# Looking for a DIY livery yard Essex



## sanchob (2 February 2013)

I am looking for a space on a nice DIY livery yard in Essex. I am currently stabled in Roxwell, but we have all lost our stables due to sale of the yard. I need the yard to be quite close to me, so ideally Roxwell, Willingale, Fyfield, Ongar, Blackmore, or Norton Heath area. The stable needs to be a good size, not to small as he spends a lot of his day in due to laminitis in the past. Ideally outside stables, and no bars as he gets very protective over his stable, unless they would allow me to board the bars up with wood.
 A good arena is a must have, as I mainly do dressage, needs to be 20x40 or bigger with a good surface, ideally floodlit. 
Good sized fields with secure fencing, and no barbed wire. He is lamintic so not fussed how much grass they have, as long as the fields are good sizes, so he can have a stretch every day. Must do individual turnout as he can't go out with over horses. 
Good hacking would be a bonus but not essential. The yard must be secure. I am looking to pay around £150 pcm with hay and straw, would consider a bit more if the yard is really nice. Must also be friendly!
If you know of anything please pm me details or comment below. Thanks


----------



## olop (3 February 2013)

Sorry to say but you won't find that in the area you are looking or for that price.
DIY yards in that area are few and far between and normally the yards have huge waiting lists.
I would either up your budget or look outside of the area.
I have had to move to full livery to get what I want (hacking, nice facilities and friendly yard) as the DIY yards in the area where just too pricey for what they were offering or they all had dodgy rules that I just couldn't be doing with.
Good luck!


----------



## JFTDWS (3 February 2013)

I agree with olop, it simply doesn't exist, sorry.


----------



## Pinkvboots (3 February 2013)

I dont think you will find anything in this country for £150 pcm hay and straw all in, I was paying £80 pcm just for a basic stable and field but had no arena in Romford Essex, my hay bill was £24 a week and bedding about £14, I have two horses now and keep them at home and my hay and bedding alone costs me more than £150 a month.


----------



## neep (3 February 2013)

I know of a nice little yard with outside stables all year turn out but the school is not quiet 20x40 I don't think and it's not flood lit. You have to get in your own hay and straw and its £30 a week I think. It's only 5 mins from norton Heath tho so handy for shows.


----------



## mischamoo (3 February 2013)

Pinkvboots - I pay £140 pcm with hay and straw included  we don't have a school but fantastic hacking, beautiful stables and a lovely YO who takes me out in the box to shows etc and helps when I need it. So there are places, just not easy to come by! Sanchob - I believe there was a place in Lt Waltham by the park and ride that had stables with a school and good grazing available if that's any interest to you? No idea of the costs though.


----------



## DosyMare (3 February 2013)

What about Dukes, Lightfoots or Stone(something) in Roxwell? Three different yards but one owner and manager. £140 PCM. Great facilities, lovely hacking and indivual turnout. Hay and straw is included as well. Stone doesn't have a ménage but you can use Lightfoots if you ride 5 mins up the field, but it's on the agenda I believe. I think their is a waiting list but stables always come up so worth being on it. 
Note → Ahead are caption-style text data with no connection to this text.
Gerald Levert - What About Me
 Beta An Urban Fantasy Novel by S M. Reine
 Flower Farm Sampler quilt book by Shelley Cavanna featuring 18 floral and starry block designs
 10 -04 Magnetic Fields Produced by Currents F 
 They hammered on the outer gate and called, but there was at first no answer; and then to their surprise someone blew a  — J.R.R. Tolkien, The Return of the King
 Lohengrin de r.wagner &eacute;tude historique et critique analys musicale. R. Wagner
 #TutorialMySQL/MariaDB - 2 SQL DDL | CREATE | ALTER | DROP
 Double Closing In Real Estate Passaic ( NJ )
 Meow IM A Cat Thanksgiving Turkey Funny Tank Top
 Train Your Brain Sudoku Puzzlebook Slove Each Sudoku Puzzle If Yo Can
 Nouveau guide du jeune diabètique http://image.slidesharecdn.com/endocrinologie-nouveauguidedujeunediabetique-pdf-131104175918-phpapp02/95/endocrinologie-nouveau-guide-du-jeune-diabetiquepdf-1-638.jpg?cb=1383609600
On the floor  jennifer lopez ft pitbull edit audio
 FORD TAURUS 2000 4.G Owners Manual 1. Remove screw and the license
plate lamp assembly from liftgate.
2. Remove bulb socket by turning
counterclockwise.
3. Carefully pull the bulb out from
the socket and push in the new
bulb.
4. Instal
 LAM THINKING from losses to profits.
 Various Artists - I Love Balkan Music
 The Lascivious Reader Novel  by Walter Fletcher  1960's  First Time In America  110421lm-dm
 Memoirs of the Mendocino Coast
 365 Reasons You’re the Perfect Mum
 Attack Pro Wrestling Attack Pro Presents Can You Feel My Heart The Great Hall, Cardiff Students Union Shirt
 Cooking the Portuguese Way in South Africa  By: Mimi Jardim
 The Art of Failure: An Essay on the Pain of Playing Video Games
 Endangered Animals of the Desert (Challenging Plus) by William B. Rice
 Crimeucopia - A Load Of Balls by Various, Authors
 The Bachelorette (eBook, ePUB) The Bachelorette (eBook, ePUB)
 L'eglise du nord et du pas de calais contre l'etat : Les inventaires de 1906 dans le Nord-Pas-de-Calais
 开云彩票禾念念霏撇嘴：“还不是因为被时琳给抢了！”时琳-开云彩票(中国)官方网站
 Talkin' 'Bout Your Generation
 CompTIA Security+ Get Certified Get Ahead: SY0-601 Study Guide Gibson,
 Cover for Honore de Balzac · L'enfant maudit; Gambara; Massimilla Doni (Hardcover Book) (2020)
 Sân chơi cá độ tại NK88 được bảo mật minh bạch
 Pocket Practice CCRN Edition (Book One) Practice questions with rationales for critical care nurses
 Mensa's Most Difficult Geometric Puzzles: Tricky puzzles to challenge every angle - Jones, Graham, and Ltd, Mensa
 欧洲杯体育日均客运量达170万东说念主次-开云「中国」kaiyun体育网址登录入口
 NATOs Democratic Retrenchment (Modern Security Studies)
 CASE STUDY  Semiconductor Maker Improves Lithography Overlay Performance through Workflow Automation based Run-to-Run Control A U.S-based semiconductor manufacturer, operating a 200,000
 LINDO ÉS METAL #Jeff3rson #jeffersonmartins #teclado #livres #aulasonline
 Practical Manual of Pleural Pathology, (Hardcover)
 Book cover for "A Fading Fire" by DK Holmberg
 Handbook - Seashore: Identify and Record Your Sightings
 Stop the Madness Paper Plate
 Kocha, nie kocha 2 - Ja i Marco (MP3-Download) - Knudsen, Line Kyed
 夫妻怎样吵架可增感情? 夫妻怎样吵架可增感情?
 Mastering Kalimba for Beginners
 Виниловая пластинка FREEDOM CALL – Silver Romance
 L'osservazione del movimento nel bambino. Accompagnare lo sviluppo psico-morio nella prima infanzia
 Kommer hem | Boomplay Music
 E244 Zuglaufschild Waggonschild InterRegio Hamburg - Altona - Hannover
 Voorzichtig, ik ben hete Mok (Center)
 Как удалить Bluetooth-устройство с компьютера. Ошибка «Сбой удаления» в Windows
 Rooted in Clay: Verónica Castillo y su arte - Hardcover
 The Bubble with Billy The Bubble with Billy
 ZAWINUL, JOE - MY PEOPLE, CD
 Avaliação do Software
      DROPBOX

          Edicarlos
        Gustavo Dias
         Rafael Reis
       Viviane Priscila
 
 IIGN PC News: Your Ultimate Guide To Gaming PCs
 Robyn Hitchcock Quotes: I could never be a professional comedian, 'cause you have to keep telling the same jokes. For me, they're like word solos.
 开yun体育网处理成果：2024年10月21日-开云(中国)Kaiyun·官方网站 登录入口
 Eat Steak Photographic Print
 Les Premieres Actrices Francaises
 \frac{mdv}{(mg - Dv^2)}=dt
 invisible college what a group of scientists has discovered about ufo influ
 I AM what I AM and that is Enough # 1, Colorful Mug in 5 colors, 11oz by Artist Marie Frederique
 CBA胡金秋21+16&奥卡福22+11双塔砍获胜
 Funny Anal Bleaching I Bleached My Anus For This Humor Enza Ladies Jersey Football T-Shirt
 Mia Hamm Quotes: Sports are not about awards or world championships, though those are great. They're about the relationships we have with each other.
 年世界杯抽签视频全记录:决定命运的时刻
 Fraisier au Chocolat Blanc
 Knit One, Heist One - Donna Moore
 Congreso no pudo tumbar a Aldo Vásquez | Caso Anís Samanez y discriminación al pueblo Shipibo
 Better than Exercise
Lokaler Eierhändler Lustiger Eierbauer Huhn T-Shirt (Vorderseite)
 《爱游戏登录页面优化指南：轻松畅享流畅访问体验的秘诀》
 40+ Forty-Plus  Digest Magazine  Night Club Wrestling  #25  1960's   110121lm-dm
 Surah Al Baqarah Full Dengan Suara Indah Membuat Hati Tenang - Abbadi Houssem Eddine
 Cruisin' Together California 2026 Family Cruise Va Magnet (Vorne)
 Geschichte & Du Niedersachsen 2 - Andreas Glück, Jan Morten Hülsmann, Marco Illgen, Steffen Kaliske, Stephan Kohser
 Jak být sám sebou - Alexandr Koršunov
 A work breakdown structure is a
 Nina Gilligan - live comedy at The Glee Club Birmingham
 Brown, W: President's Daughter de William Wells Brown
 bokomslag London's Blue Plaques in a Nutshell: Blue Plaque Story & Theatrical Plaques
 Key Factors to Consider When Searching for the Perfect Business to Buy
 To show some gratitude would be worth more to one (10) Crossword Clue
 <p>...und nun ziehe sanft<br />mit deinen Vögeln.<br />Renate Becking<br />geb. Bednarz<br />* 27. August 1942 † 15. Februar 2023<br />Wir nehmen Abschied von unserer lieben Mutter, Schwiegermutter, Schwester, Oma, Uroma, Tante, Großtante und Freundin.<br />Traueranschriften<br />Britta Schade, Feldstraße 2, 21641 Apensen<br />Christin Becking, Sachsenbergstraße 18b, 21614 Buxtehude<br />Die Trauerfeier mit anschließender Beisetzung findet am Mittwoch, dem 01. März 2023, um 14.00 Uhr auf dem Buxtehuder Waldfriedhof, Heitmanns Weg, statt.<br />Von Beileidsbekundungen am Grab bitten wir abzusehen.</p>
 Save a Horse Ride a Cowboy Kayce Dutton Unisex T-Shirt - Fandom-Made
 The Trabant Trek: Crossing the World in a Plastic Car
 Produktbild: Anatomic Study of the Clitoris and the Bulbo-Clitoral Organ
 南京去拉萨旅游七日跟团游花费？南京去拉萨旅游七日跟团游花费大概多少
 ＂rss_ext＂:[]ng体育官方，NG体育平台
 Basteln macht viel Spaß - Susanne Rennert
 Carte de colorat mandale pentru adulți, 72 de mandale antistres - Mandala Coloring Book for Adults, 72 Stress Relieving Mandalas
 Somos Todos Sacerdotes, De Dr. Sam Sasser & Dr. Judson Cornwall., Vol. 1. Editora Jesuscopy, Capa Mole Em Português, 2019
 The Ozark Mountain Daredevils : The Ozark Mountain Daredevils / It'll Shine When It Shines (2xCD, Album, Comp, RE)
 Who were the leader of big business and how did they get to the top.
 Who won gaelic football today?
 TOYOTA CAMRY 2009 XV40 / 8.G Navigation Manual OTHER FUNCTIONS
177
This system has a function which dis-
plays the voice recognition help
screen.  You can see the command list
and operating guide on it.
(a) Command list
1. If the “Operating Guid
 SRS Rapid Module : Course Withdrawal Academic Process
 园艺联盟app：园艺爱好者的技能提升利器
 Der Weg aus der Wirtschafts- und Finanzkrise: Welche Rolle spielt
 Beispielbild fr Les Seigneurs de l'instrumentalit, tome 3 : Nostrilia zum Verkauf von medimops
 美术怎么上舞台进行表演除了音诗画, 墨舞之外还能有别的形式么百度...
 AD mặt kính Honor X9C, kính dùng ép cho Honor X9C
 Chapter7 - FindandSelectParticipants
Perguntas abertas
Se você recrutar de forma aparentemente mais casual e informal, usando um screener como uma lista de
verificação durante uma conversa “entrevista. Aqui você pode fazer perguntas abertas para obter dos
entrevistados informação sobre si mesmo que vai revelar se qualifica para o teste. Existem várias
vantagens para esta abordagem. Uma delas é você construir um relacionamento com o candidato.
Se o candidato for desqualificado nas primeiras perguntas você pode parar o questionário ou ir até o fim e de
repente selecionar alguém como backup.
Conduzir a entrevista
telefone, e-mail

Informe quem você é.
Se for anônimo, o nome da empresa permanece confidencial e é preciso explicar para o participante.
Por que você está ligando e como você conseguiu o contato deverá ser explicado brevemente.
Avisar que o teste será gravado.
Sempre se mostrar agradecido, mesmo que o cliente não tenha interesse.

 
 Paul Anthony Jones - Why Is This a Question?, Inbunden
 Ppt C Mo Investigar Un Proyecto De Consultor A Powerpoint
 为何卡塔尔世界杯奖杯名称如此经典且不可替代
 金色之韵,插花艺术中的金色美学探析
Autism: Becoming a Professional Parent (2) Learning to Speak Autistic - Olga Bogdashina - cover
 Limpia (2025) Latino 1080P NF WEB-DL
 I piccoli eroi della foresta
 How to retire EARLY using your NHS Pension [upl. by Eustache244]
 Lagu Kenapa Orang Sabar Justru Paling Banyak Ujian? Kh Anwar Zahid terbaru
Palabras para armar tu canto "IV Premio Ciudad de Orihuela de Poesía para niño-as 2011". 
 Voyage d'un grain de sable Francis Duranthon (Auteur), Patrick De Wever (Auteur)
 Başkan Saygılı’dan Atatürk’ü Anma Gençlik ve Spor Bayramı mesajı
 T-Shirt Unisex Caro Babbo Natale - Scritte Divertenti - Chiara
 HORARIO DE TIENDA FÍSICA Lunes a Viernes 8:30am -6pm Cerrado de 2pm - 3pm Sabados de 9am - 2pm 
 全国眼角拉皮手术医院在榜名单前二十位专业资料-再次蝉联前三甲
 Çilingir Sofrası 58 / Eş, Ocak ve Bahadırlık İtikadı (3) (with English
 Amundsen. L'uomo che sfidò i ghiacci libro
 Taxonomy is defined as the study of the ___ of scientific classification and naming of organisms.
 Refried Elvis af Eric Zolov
The is also Park Farm in Galleywood which is lovely but no indivual turnout. Geldings and mares split but it's only 6 in each field so not massive herds. They have haylage included in the price. Standard school and lunge area - good on site hacking. 

There is Buckwyns but that's large stables and don't think indivual turnout - I've not been there but worth a investigate.


----------



## sanchob (3 February 2013)

Thanks for your replys. Unfortunately Lt Waltham is to far it's about 35 mins from where I live. I have my name on the waiting list for Dukes and Lightfoots but nothing has come up yet and had my name down for quite a while. Found a nice little yard close to where I live but the school isn't brilliant as it's sand and gets very deep in the summer, but will do as for the moment. There is a possibility of the use of a 20 x 60 arena down the road but it's very run down so it depends if the owner will sort it out.


----------